*** Opening of Data for processing ***
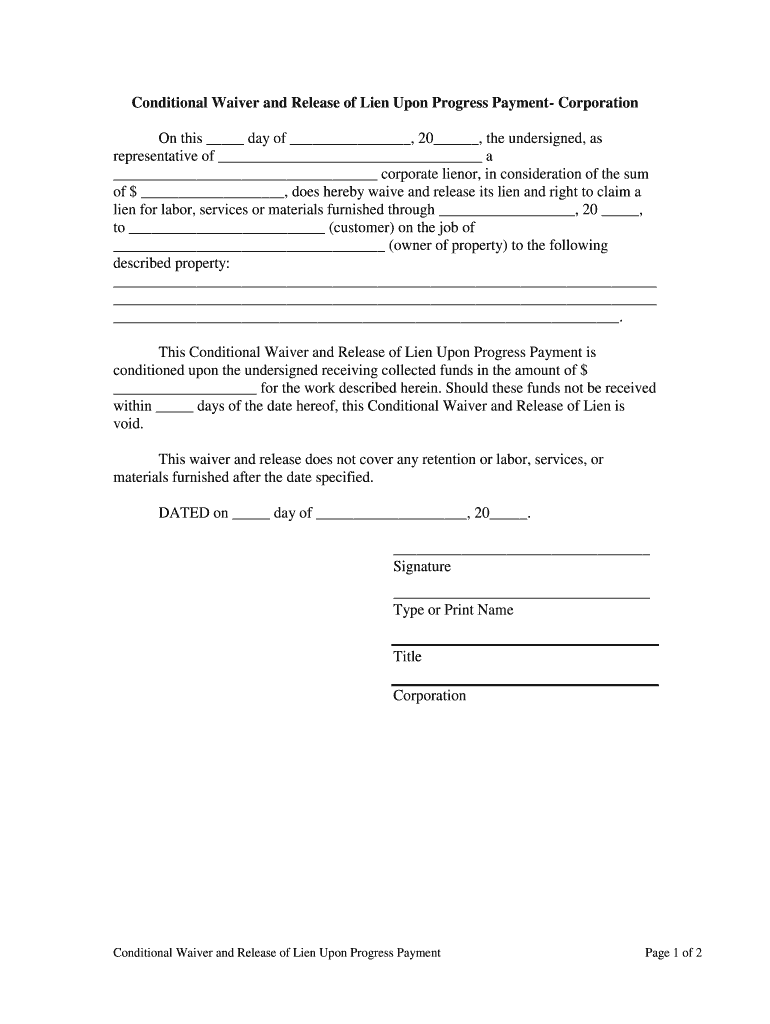 WAIVER and RELEASE for SPECIFIC PAYMENT the  Form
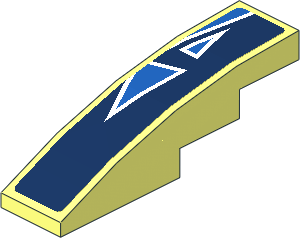 Slope Brick Curved  4 x  1 with Light Blue Triangles on Blue Background Sticker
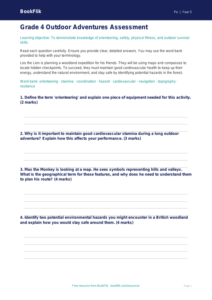 Free Outdoor Adventures Assessment | Grade 4 | Physical Education | BookFlik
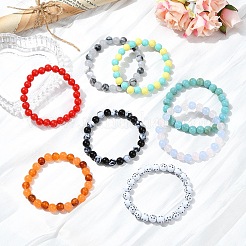 600 個 24 色不透明アクリルビーズ  ラウンド  ミックスカラー  7~8mm  穴：1.5~2mm  25個/カラー&nbsp;MACR-YW0003-26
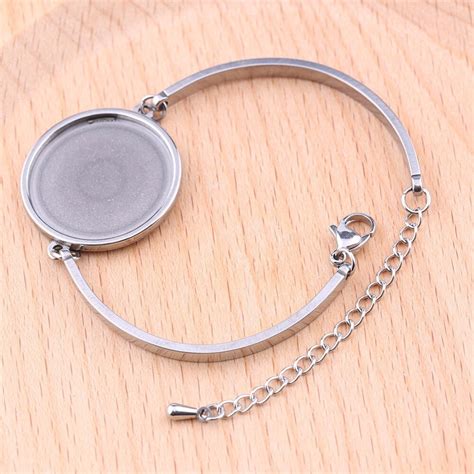 onwear 5pcs stainless steel cabochon bracelet base 25mm dia blank bangle bezel trays diy ...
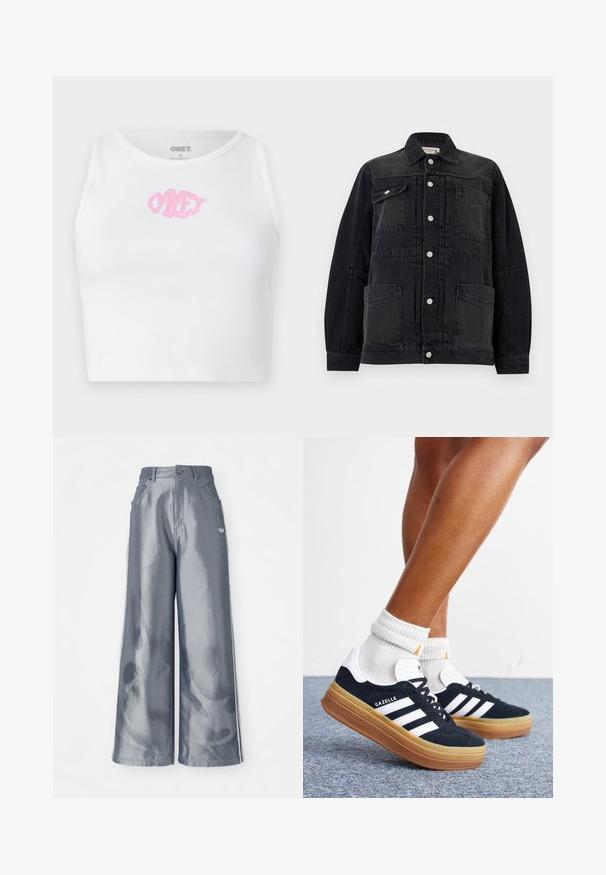 Sort denimjakke med knaplukning foran, to nederste lommer med lap, og to øverste brystlommer—én med knaplukket klap, den anden åben.; Hvid ribbet crop top med et pink "OBEY" logo i midten. Designet med en rund halsudskæring og uden ærmer.; Bredde benbukser i skinnende grå materiale med hvide sidelookstriber og et flammemønster på underbenene. Knap- og lynlåslukning i taljen.; Ben iført hvide sokker og sorte Adidas Gazelle sneakers med hvide striber og tykke brune såler på et gråt tæppe.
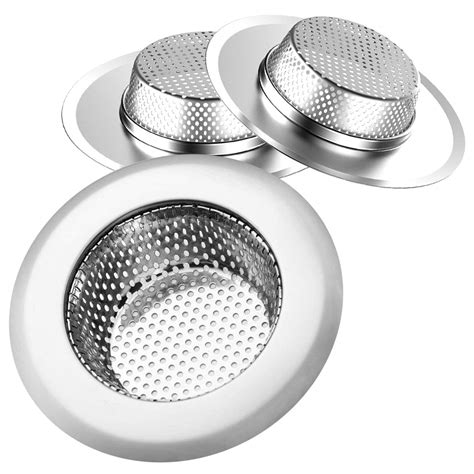 Helect Easy Clean Kitchen Sink Strainer Baskets, 3-Pack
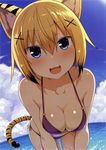  :3 :d absurdres animal_ears bent_over bikini blonde_hair blue_eyes blue_sky breasts cleavage cloud cloudy_sky cowboy_shot day dutch_angle fang fisheye greatmosu hair_ornament highres horizon large_breasts looking_at_viewer non-web_source o-ring o-ring_bikini ocean open_mouth purple_bikini scan short_hair side-tie_bikini sky smile solo swimsuit tail tiger_ears tiger_tail toranoana wet x_hair_ornament 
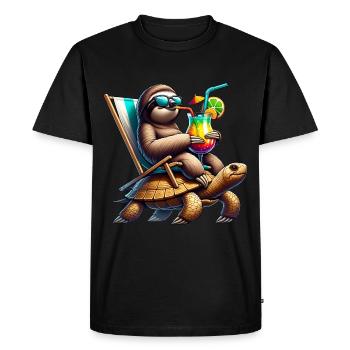 Cocktail décontracté Sloth Turtle - T-shirt Premium bio Homme - noir - Devant - Nico (187cm)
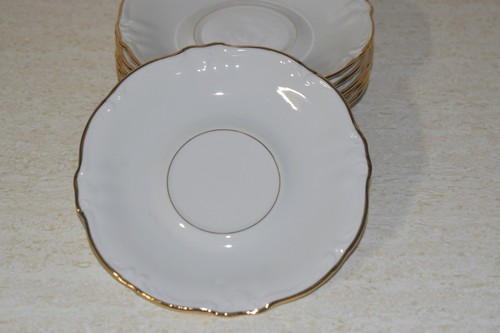 Winterling® Bavaria Germany White w/Gold Trim China: 5 Coffee Cup Saucers Only - Picture 2 of 6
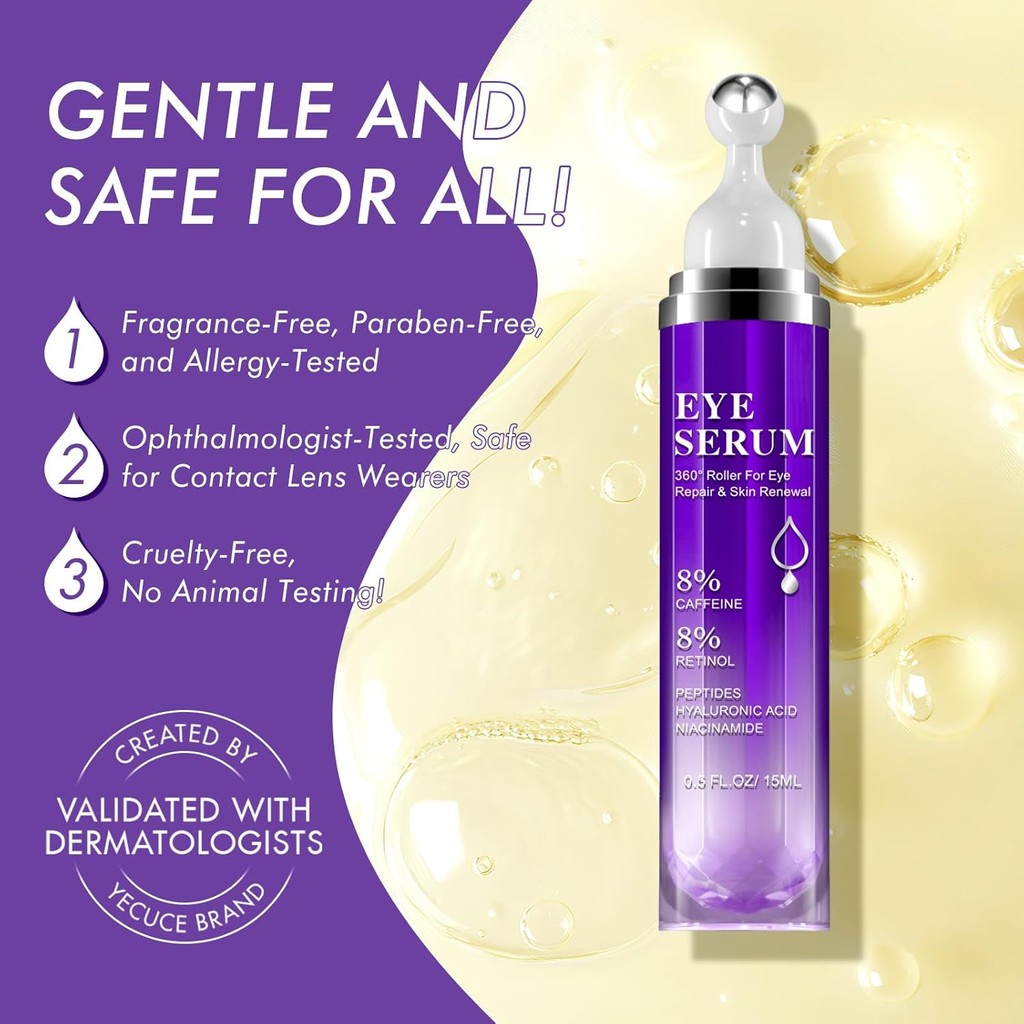 8% Caffeine Eye Cream & Under Eye Serum สําหรับความหมองคล้ําและอาการบวม Eye Care Eye Roller Serum พร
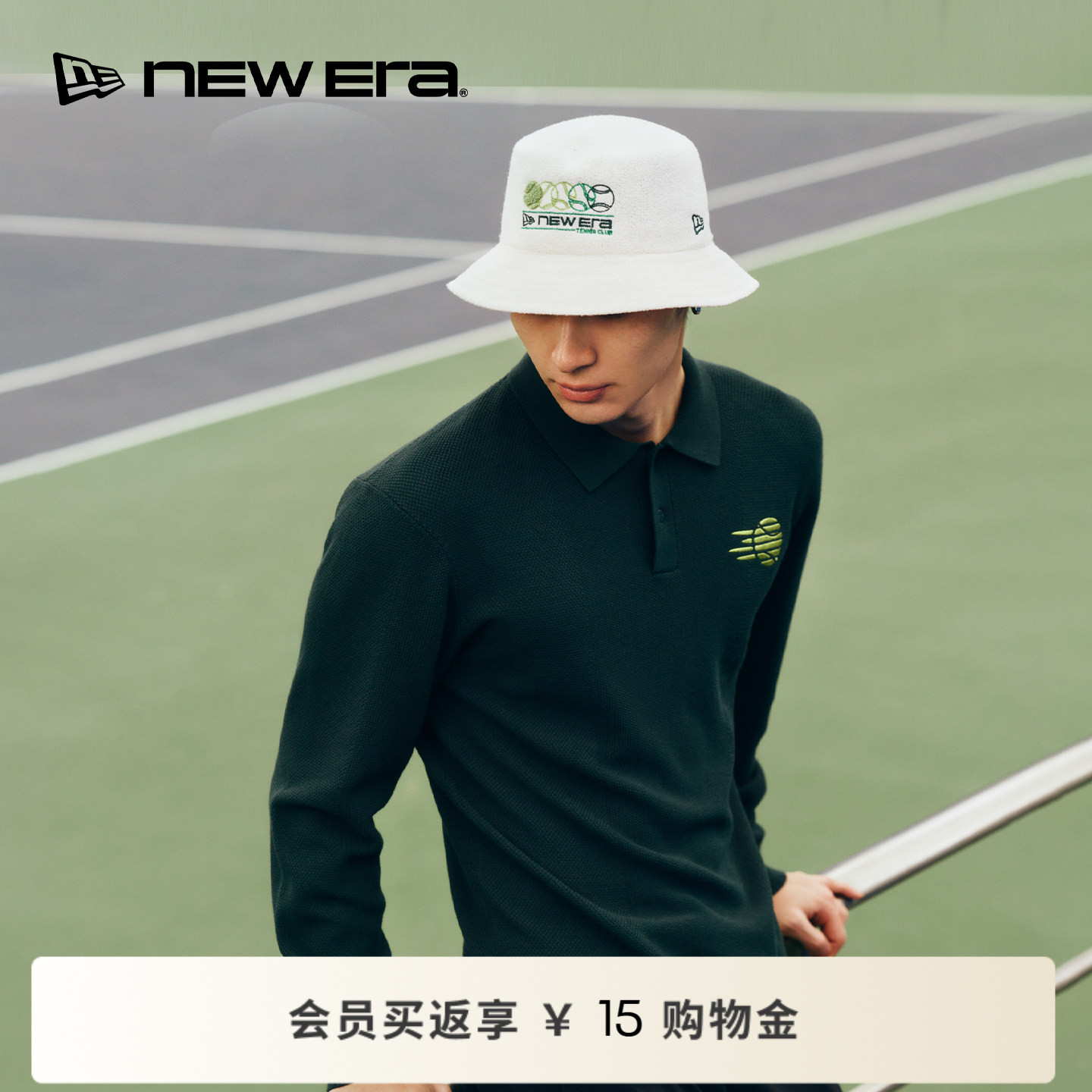 NEW ERA纽亦华26新品刺绣百搭网球系列运动针织长袖POLO男女NE
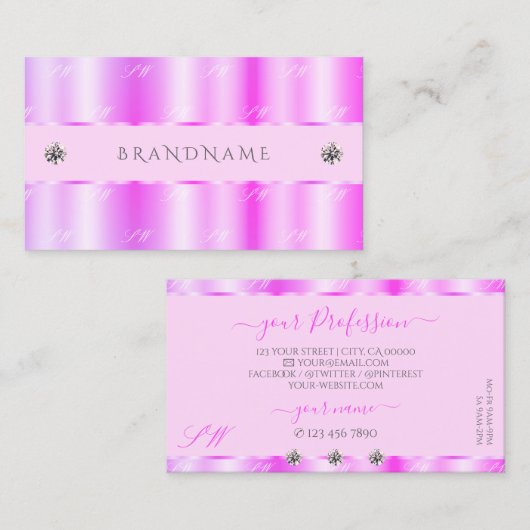 Lichtroze monogram met mousserende diamanten visitekaartje (Voorkant / Achterkant)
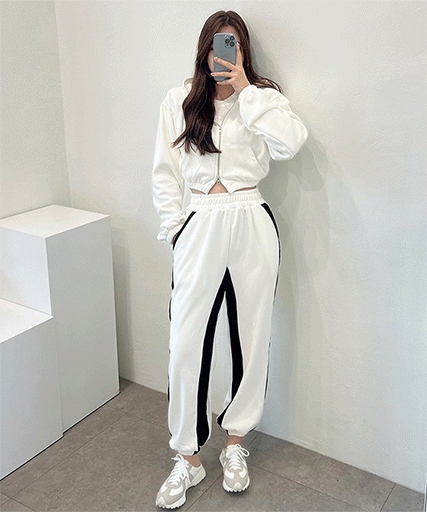 [トレーニングセット/ハイクオリティ] 配色 ミンク ジョガーパンツ 起毛ジョガーパンツ パッドクロップフード ジップアップ 起毛フードジップアップ トレーニングセットアップ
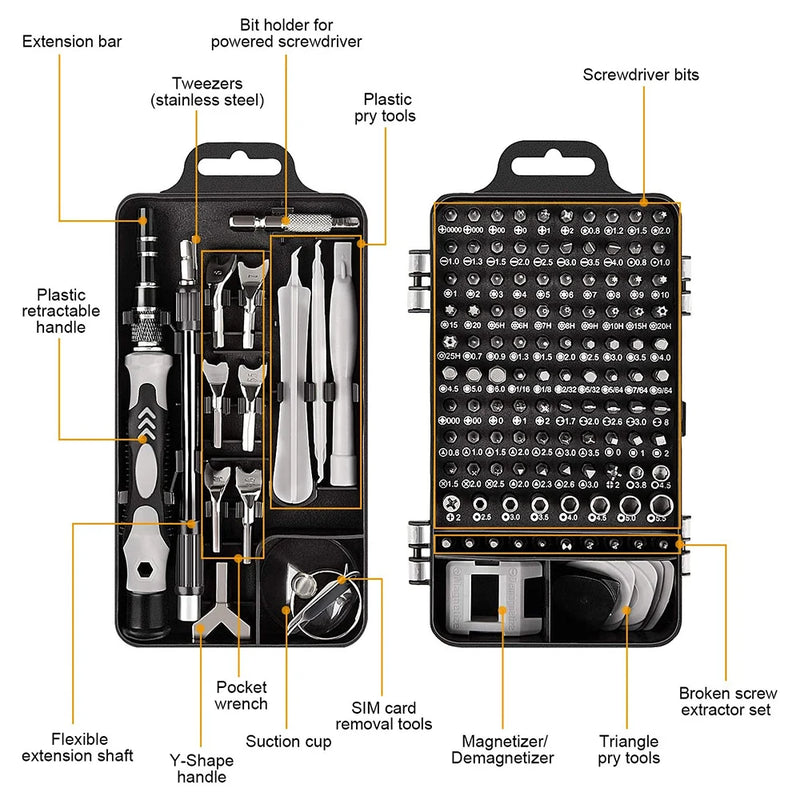 Conjunto de chave de fenda magnética torx phillips, kit de brocas wozobuy com removedor de chave elétrica, ferramentas para reparo de telefone e pc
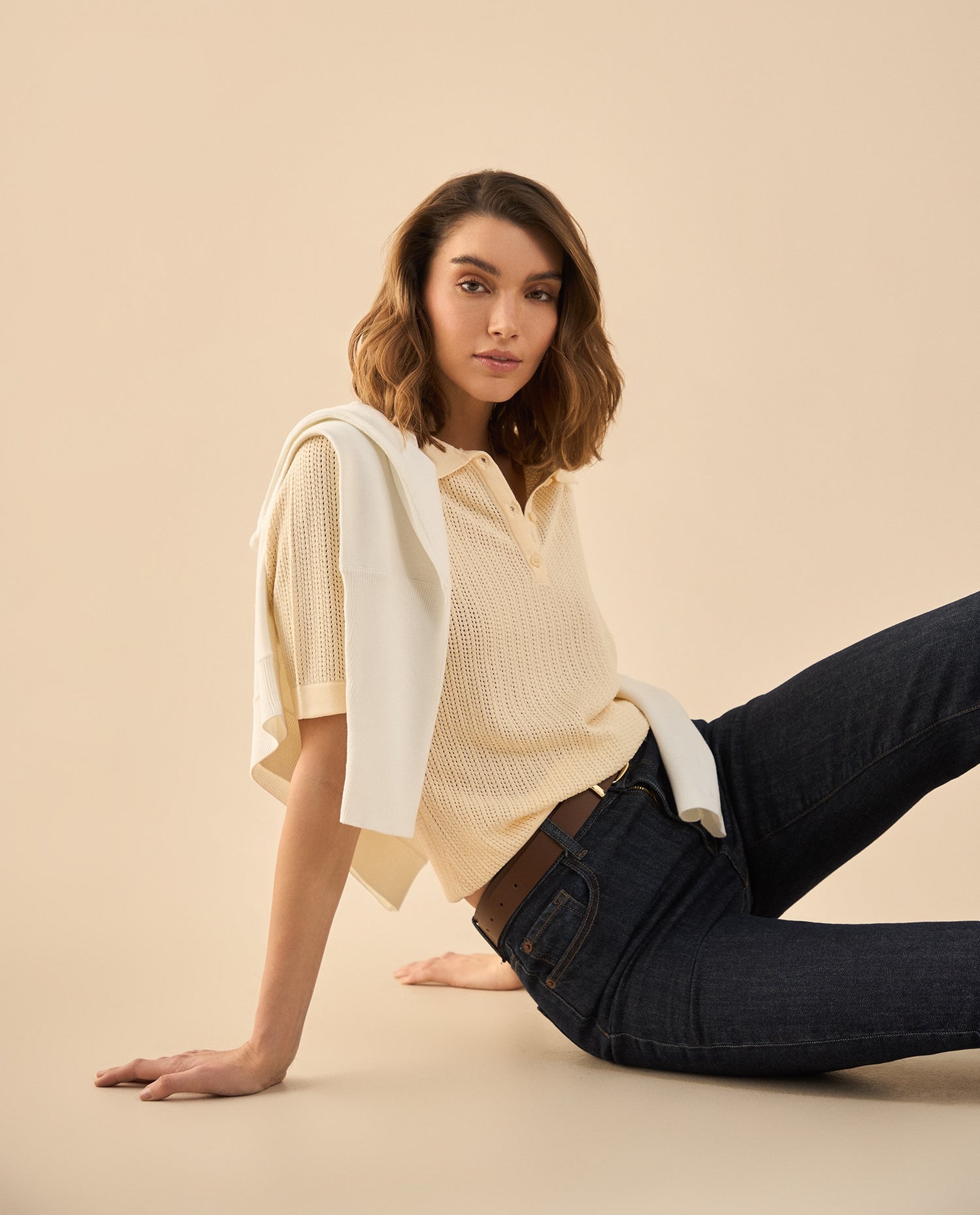 Camisa tejida tipo polo para mujer - Crudo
*** Close of Data for processing ***
All the records need to be retyped word for word, except for the pictures.

 WAIVER and RELEASE for SPECIFIC PAYMENT the  Form
 Slope Brick Curved  4 x  1 with Light Blue Triangles on Blue Background Sticker
 Free Outdoor Adventures Assessment | Grade 4 | Physical Education | BookFlik
 600 個 24 色不透明アクリルビーズ  ラウンド  ミックスカラー  7~8mm  穴：1.5~2mm  25個/カラー&nbsp;MACR-YW0003-26
 onwear 5pcs stainless steel cabochon bracelet base 25mm dia blank bangle bezel trays diy ...
 Sort denimjakke med knaplukning foran, to nederste lommer med lap, og to øverste brystlommer—én med knaplukket klap, den anden åben.; Hvid ribbet crop top med et pink "OBEY" logo i midten. Designet med en rund halsudskæring og uden ærmer.; Bredde benbukser i skinnende grå materiale med hvide sidelookstriber og et flammemønster på underbenene. Knap- og lynlåslukning i taljen.; Ben iført hvide sokker og sorte Adidas Gazelle sneakers med hvide striber og tykke brune såler på et gråt tæppe.
 Helect Easy Clean Kitchen Sink Strainer Baskets, 3-Pack
  :3 :d absurdres animal_ears bent_over bikini blonde_hair blue_eyes blue_sky breasts cleavage cloud cloudy_sky cowboy_shot day dutch_angle fang fisheye greatmosu hair_ornament highres horizon large_breasts looking_at_viewer non-web_source o-ring o-ring_bikini ocean open_mouth purple_bikini scan short_hair side-tie_bikini sky smile solo swimsuit tail tiger_ears tiger_tail toranoana wet x_hair_ornament 
 Cocktail décontracté Sloth Turtle - T-shirt Premium bio Homme - noir - Devant - Nico (187cm)
 Winterling® Bavaria Germany White w/Gold Trim China: 5 Coffee Cup Saucers Only - Picture 2 of 6
 8% Caffeine Eye Cream & Under Eye Serum สําหรับความหมองคล้ําและอาการบวม Eye Care Eye Roller Serum พร
 NEW ERA纽亦华26新品刺绣百搭网球系列运动针织长袖POLO男女NE
 Lichtroze monogram met mousserende diamanten visitekaartje (Voorkant / Achterkant)
 [トレーニングセット/ハイクオリティ] 配色 ミンク ジョガーパンツ 起毛ジョガーパンツ パッドクロップフード ジップアップ 起毛フードジップアップ トレーニングセットアップ
 Conjunto de chave de fenda magnética torx phillips, kit de brocas wozobuy com removedor de chave elétrica, ferramentas para reparo de telefone e pc
 Camisa tejida tipo polo para mujer - Crudo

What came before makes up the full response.